Hanging on the wall at Howl is the very first comic that started the mag, drawn up by Holmstrom, it depicts a gaggle of nervous kids, shaking like freaking puppy dogs, descending on the untouchably cool Lou Reed who’s seated at a booth for an “interview” of sorts. Reed seems confused, startled even, and pauses for a moment to put on his sunglasses. While the comic clearly shows Holmstrom and his pals to be in some sort of desperate prostration before their punk rock god, we’re still able to see Lou Reed’s non-charms: his too-cool-for-school inaccessibility, his notorious asshole attitude. I mean, c’mon, the strip is titled “Lou Reed: Rock n’ Roll Vegetable” and explained as “an exclusive interview with the original street punk turned artist.” If that’s not poking at the king, I dunno what is.
At the exhibition, sometimes it was hard to tell if I was being punked. Hanging kitty-corner from the blown-up issue covers, were two depictions of “the missing issues.” According to the explanation, had it gone to print the cover of #9 would have featured Kiss. Instant barf. Everywhere. But wait, continue reading and you’ll find: “No wonder Holmstrom thinks that the CIA covertly blocked publication.” Right.

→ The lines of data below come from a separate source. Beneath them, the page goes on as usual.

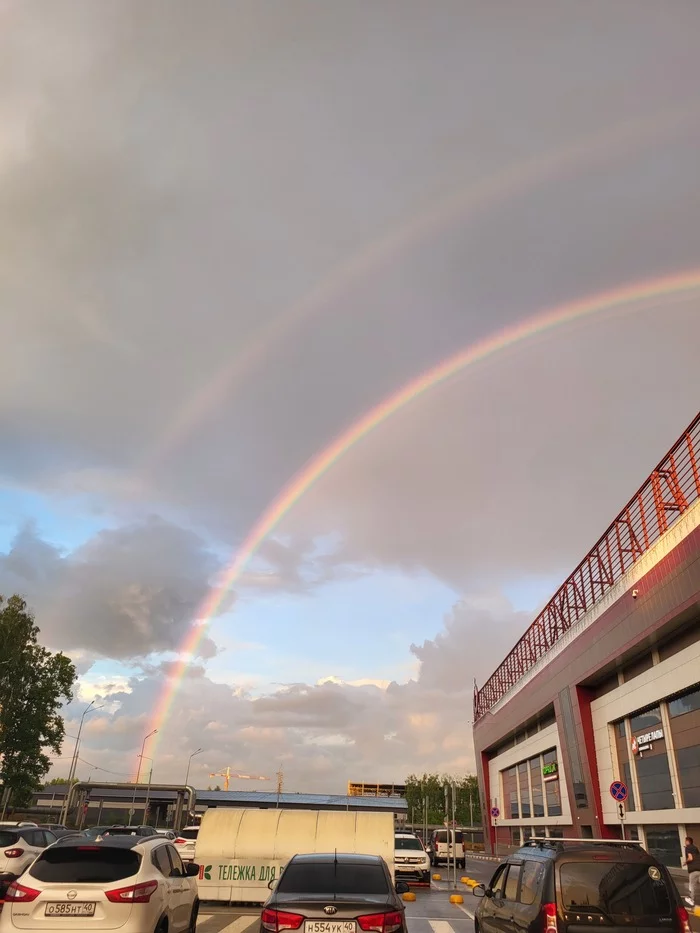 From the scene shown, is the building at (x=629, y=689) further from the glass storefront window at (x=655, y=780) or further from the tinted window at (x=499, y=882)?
the tinted window at (x=499, y=882)

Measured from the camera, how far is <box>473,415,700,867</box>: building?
2805cm

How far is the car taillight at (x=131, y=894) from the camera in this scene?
821cm

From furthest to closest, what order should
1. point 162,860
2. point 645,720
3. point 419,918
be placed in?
1. point 645,720
2. point 419,918
3. point 162,860

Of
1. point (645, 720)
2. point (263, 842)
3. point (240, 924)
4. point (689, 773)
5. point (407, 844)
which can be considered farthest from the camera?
point (645, 720)

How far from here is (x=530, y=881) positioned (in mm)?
8008

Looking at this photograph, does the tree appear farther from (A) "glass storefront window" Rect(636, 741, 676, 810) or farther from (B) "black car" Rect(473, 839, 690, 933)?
(B) "black car" Rect(473, 839, 690, 933)

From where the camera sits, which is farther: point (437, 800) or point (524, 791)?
point (437, 800)

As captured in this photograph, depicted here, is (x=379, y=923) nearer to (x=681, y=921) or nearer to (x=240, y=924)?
(x=681, y=921)

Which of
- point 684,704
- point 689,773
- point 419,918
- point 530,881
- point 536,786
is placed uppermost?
point 684,704

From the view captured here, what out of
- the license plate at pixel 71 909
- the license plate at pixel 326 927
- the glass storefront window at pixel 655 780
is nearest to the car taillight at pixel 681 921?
the license plate at pixel 326 927

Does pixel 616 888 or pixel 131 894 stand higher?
pixel 616 888

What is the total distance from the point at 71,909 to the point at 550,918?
5.67 metres

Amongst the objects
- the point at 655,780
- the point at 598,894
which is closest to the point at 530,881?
the point at 598,894

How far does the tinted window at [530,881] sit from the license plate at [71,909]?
5256 mm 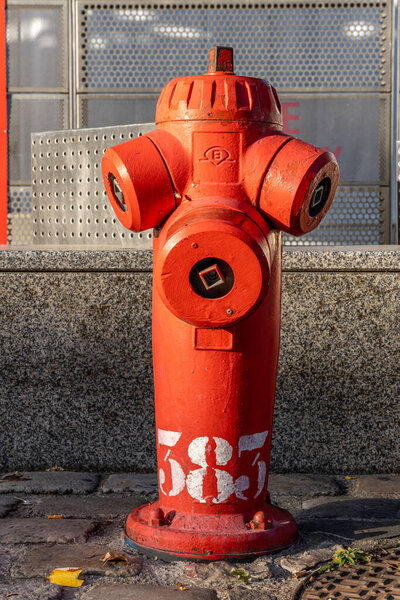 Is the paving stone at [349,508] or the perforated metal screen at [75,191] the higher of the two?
the perforated metal screen at [75,191]

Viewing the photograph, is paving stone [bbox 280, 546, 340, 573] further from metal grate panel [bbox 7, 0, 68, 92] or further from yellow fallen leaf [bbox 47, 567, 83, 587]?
metal grate panel [bbox 7, 0, 68, 92]

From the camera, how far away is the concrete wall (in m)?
3.76

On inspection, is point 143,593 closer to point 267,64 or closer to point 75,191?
point 75,191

But the stream of photos included in the show didn’t appear to be trickery. A snippet from the Roberta Bayley‘s work included photos of the Dead Boys (’74), Debbie Harry, Richard Hell revealing a ratty t-shirt with “The Voidoids” scratched in marker (’77), and that iconic image of a long-legged Joey Ramone holding a massive surfboard on Coney Island, his black curly tresses whipping in the beachy wind (’77), among others.
True, this is all stuff that I (and most people who are obsessives of the era) have seen before. (Save for some of the more behind-the-scenes stuff, like the contact sheets featuring the Ramones in leather jackets and jeans backed by a brick wall, including the duds that didn’t quite make the cut for the cover of their 1977 self-titled record.)
But there was something very alive about the whole scene at Howl, too. The crowd was full of new faces and old ones (Holmstrom, Clayton Patterson) alike, as well as a much more diverse (i.e. not necessarily white) set than was foregrounded in the pages of Punk, all checking each other out, and ogling the artwork with a mix of fond remembrance and nerdy glee.
Yes, anyone who says the punk scene is thriving in the East Village is a liar– it’s decidedly not. Though, the closer you travel to Tompkins, the more specters emerge– reflecting off of dive bar bathroom walls, echoing from the traveling kids who congregate around the park, and billowing out from Umbrella House. And oh yeah, right here at Howl, an organization whose mission is to preserve the East Village’s trashy treasure and to welcome in new people, or as Punk refers to us, “born too late”s.
Punk magazine may have come and gone almost 40 years ago, but as a state of mind, punk will stick around– it’s sort of always been everywhere youthful rebellion (no matter what your age or your background) lives. It might have a new name and a new style, but as long as someone’s flipping the bird to the norms, they’ll carry the torch.
Punk Magazine 40th-Anniversary Exhibition is on view at Howl! Happening, 6 East 1st Street in the East Village, now through January 30. Gallery hours: Wednesday through Sunday, 11 am to 6 pm.